Come riconosciuto dal Ministero, la società ha prestato massima collaborazione per i lavori di scavo e recupero del bene, confermando quindi che le spetterebbe il 25% del valore. Ma in applicazione di una circolare obsoleta, il Ministero ha poi fatto sapere che a Officine Immobiliare spetta il 9,5% del valore stabilito, ovvero un premio di 369 mila euro. Cifra che effettivamente viene offerta alla società, che però risponde spiegando che ''a quella somma era stata applicata persino la ritenuta d'acconto, come accade quando si vince al Lotto. Inoltre, non veniva riconosciuta la nostra collaborazione e le spese sostenute da noi per gli scavi. Così abbiamo fatto ricorso prima al Tar e poi al Consiglio di Stato che invece ci ha dato ragione''. Il Consiglio di Stato, come aveva raccontato Repubblica, sancisce che alla società spetta il 50% del premio, ovvero il 25% in quanto proprietari del terreno più il 25% in quanto scopritori. La sentenza afferma poi che non è possibile applicare al premio la ritenuta e, soprattutto, che Officine Immobiliare ha il diritto di partecipare al procedimento di quantificazione del premio.

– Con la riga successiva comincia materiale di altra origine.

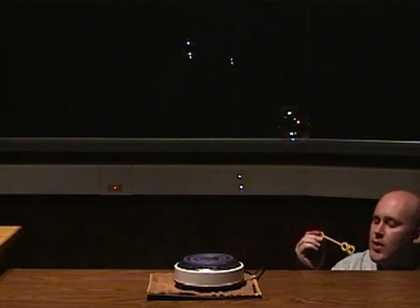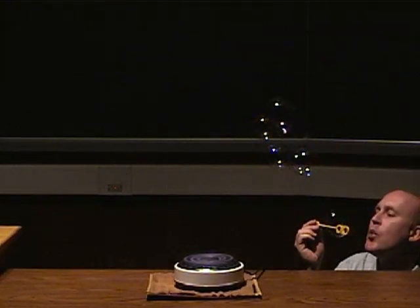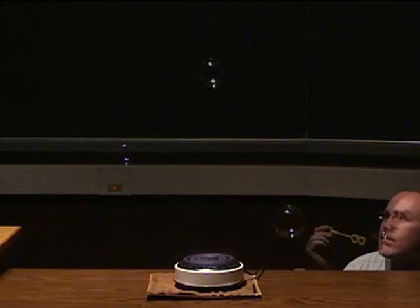Now, some of the bubbles admittedly do not make it to the hot plate. It's pretty difficult, but those bubbles that make it into the rather narrow updraft over the hot plate rise abruptly — and there they go, right there.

''Dopo la sentenza del Consiglio di Stato - spiega l'avvocato Pucillo Furer -abbiamo ripreso contatto col Ministero per riavviare quella attività di collaborazione e cercare di quantificare insieme un importo corretto.

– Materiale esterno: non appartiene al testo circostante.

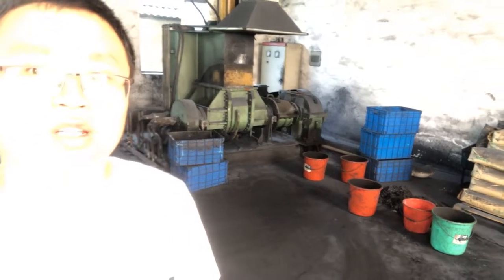Hi, this is Tiger from RoboDig. Today let's check out the timing belt factory. Here the first step of the timing belt is rubber mixing.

Prima c'è stata un'apertura con la partecipazione del nostro consulente Sergio Lazzarini, avvocato e professore di Antichistica, poi più nulla. Soprattutto dopo che abbiamo fatto analizzare le monete dalla Numismatica Ars Classica di Londra, una delle case d'asta più importanti al mondo, secondo cui il loro valore va dai 9 agli 11 milioni di euro. L'ultima quotazione proposta dal Ministero, senza rendere noti i criteri, è di circa 4 milioni e 600 mila euro. Di questa cifra, al momento, abbiamo ricevuto solo il 20% del valore riconosciuto. Ovvero un acconto di 73mila euro su una cifra di 369 mila euro. Li abbiamo invitati a darci quanto meno il resto di quello che ci spetta, circa 295 mila euro, ma nulla''.
La società immobiliare in questi anni, per la ricerca e per tutte le procedure di recupero, ha speso oltre mezzo milione di euro. ''Anche se ci dovessero dare tutti i 396 mila euro, saremmo comunque in perdita. Eppure il valore del tesoro è sotto gli occhi di tutti.
Basti pensare che 10 delle mille monete hanno un pregio eccezionale, valutato dai nostri periti circa 4-500 mila euro l'una. E ciò che ci ferisce di più è che oltre ad essere passati sei anni così senza arrivare a una soluzione, nessun cittadino italiano abbia potuto ammirare questo tesoro in una mostra''.